2022 Costas Lecture and Music Presentation: Movimiento Cultural Afro-Continental (MCAC), Inc.

Event time: 
Saturday, April 23, 2022 - 4:30pm
Location: 
The Old Refectory - Yale Divinity School See map
409 Prospect St.
New Haven, CT 06511
Event description: 

Please note recent changes to this event:

  1. Location has changed: We will be in the Old Refectory on the East end of the building. Please enter at the main entrance of the building (across the road from the parking lot).
  2. The Divinity School Parking Lot will be open and free of cost.
  3. Off-campus guests will need to show proof of vaccination at the entrance.
  4. Guests joining online no longer need to register. Simply tune in at 4:30pm to YDS’s LiveStream channel.

The Rose and Orlando Costas Lecture and Performance will be broadcast live on the YDS LiveStream Channel.
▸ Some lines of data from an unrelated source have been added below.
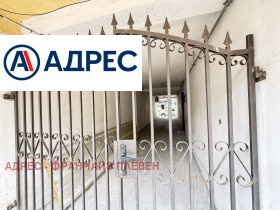 ���� ��� ���� ������� | Imot.bg � ����� ������ 2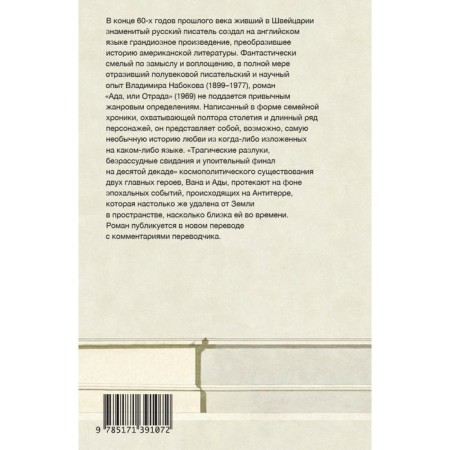 Ada, or Otrada. Nabokov V.V.-1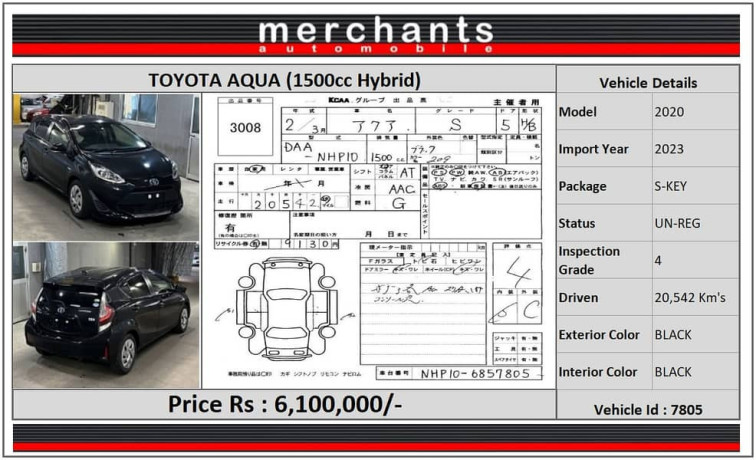 toyota-aqua-2020-s-key-big-5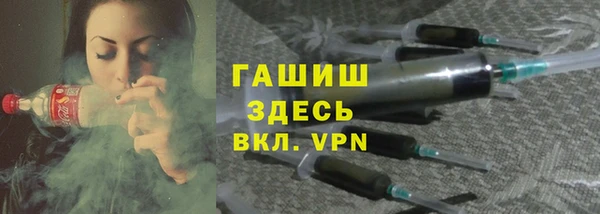 марки lsd Бугульма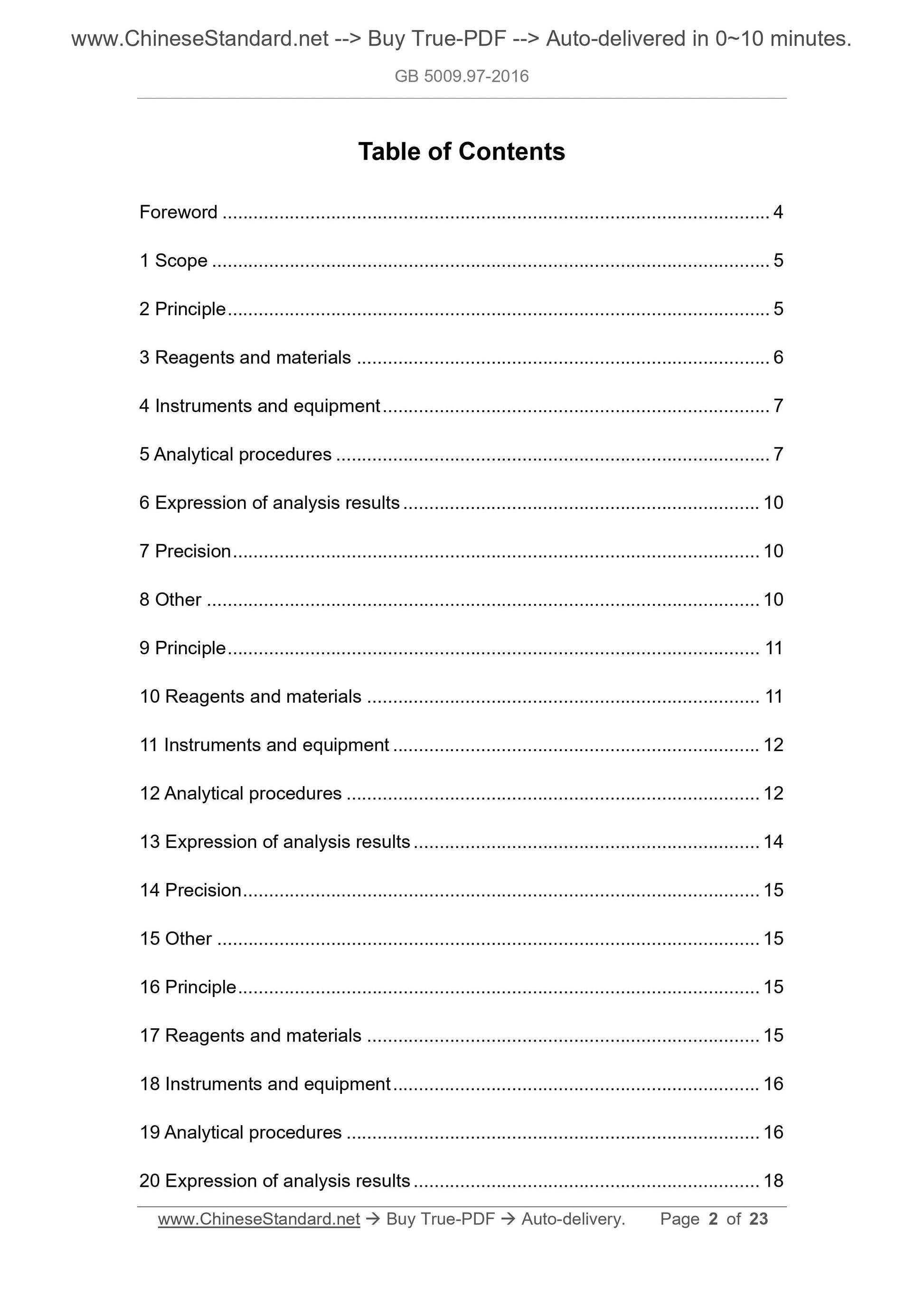GB 5009.97-2016 Page 2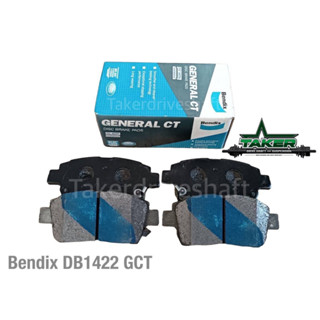 ผ้าเบรคหน้า ผ้าเบรคแท้ Bendix DB1422GCT สำหรับ Toyota Altis ปี01ขึ้นไป, Soluna Vios ปี03ขึ้นไป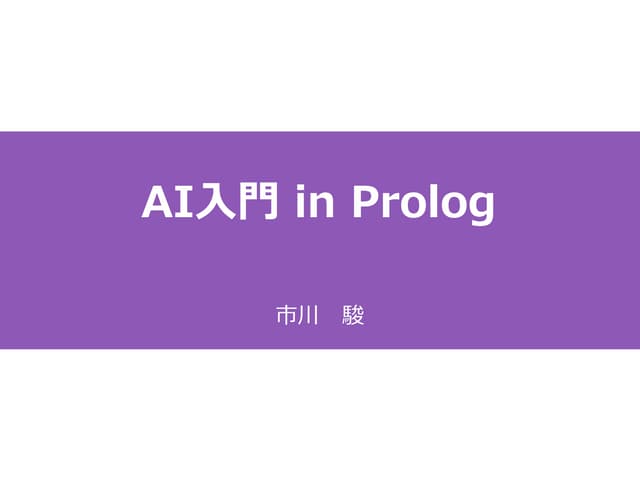 Ai入門 in prolog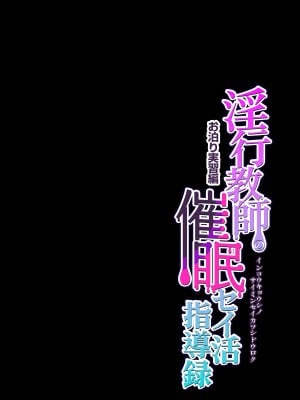 [グレートキャニオン (ディープバレー)] 淫行教師の催眠セイ活指導録 お泊り実習編 先生、私のお腹に赤ちゃんを仕込んでいただいてありがとうございます… 【DLsite特別版】_003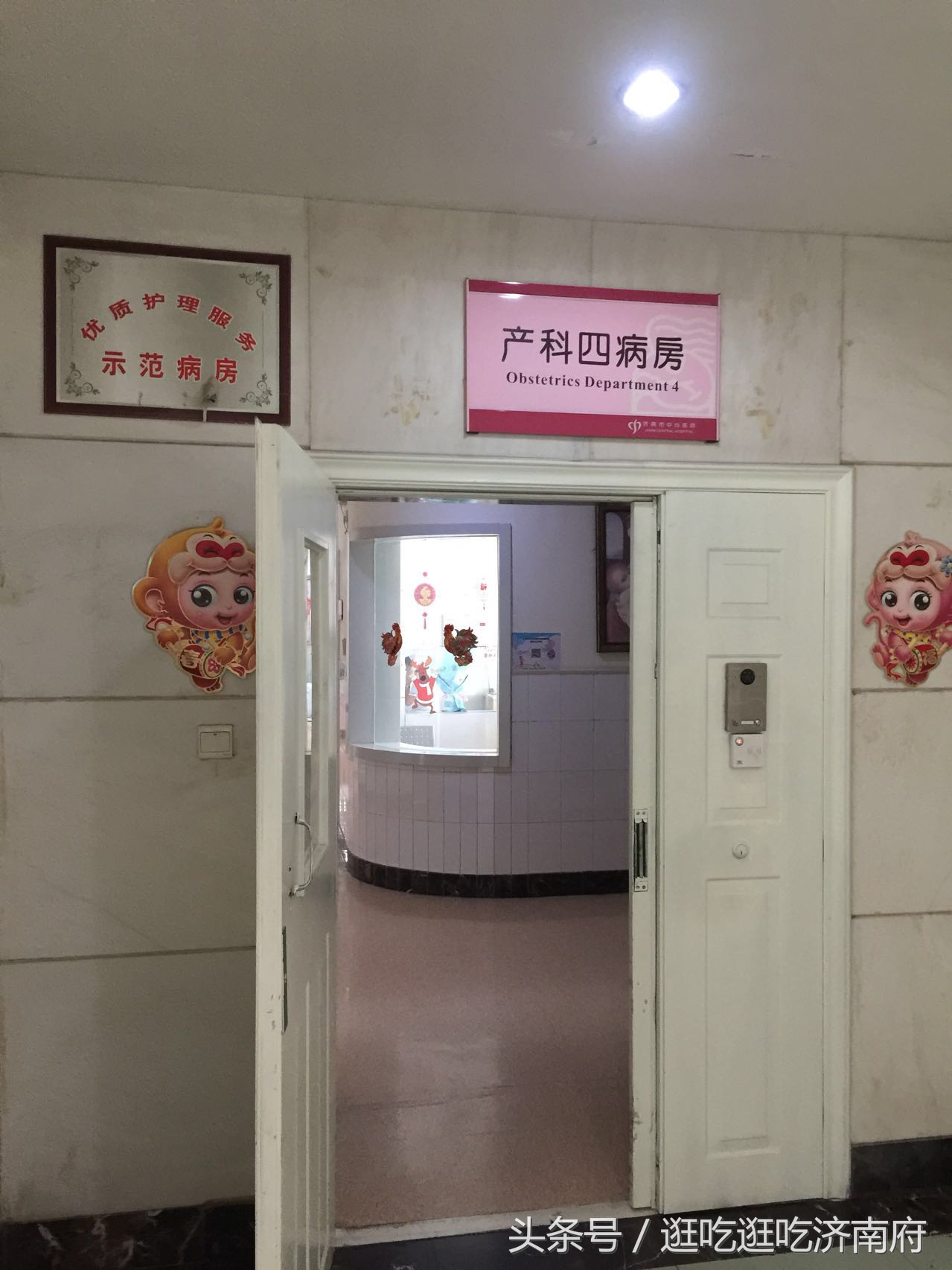 济南市中心医院门口生孩子,济南中心医院生孩子环境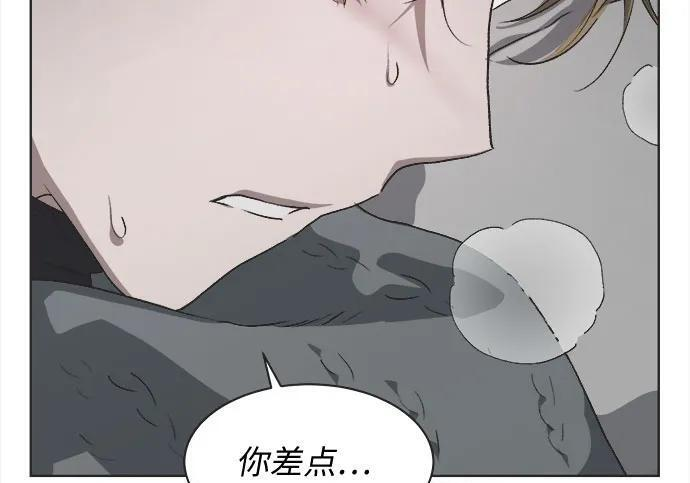 第81话 第94页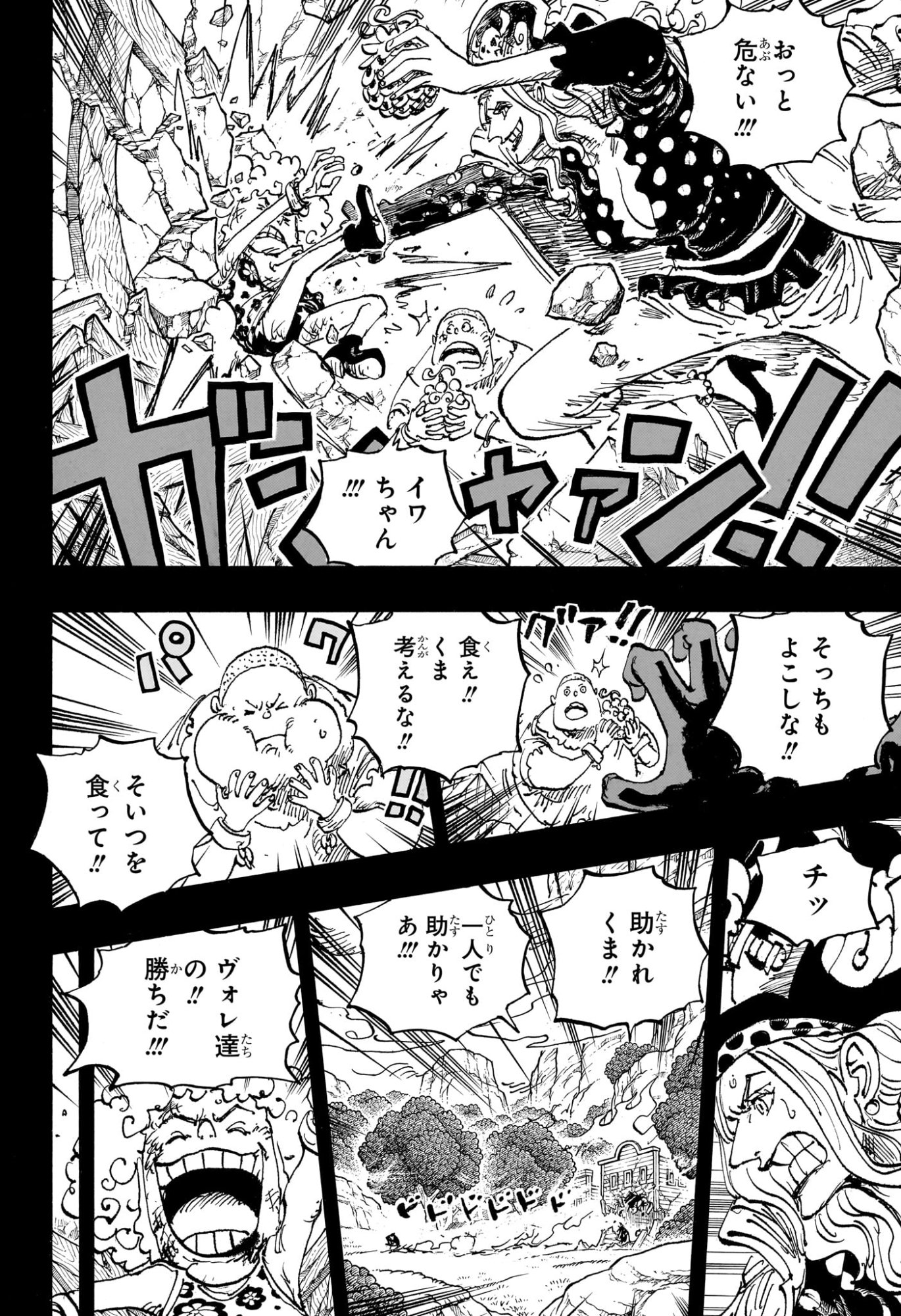 ワンピース Chap 1162 - Next Chap 1163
Bookmark the page and tune in at 4:30.

The Rose and Orlando Costas Lecture will feature and be presented by Movimiento Cultural Afro-Continental (MCAC), Inc.

We are excited and honored to welcome Movimiento Cultural Afro-Continental on April 23, 2022, for an in-person/hybrid presentation at 4:30pm (see below regarding current visitor policies). 

If you are planning to attend from off-campus, make sure to read the Yale University visitor policies, which are being updated regularly. The visitor policies can be found here.

From the band’s website:

“The origins of Bomba music and dance date back to 16th-century Africa and the advent of the slave trade. Bomba became an important means of communicating the political and social conditions of these colonial times, and served as a form of cultural resistance for those in bondage. Bomba adapted again with the emancipation of slaves in Puerto Rico in 1873. For generations now bomba has remained central to community, with the drum acting as an instrument of social and artistic expression and entertainment and the lyrics often speaking to community sentiment and/or social conditions of the day. More recently, bomba’s resilient spirit has become more pronounced in the face of Puerto Rico’s economic crisis and the vast devastation caused by Hurricane Maria in 2017. During the height of the Hurricane Maria crisis, “bombazos” were held throughout the island, bringing together community residents to dance, sing and provide temporary respite from the crisis facing the island and its residents.”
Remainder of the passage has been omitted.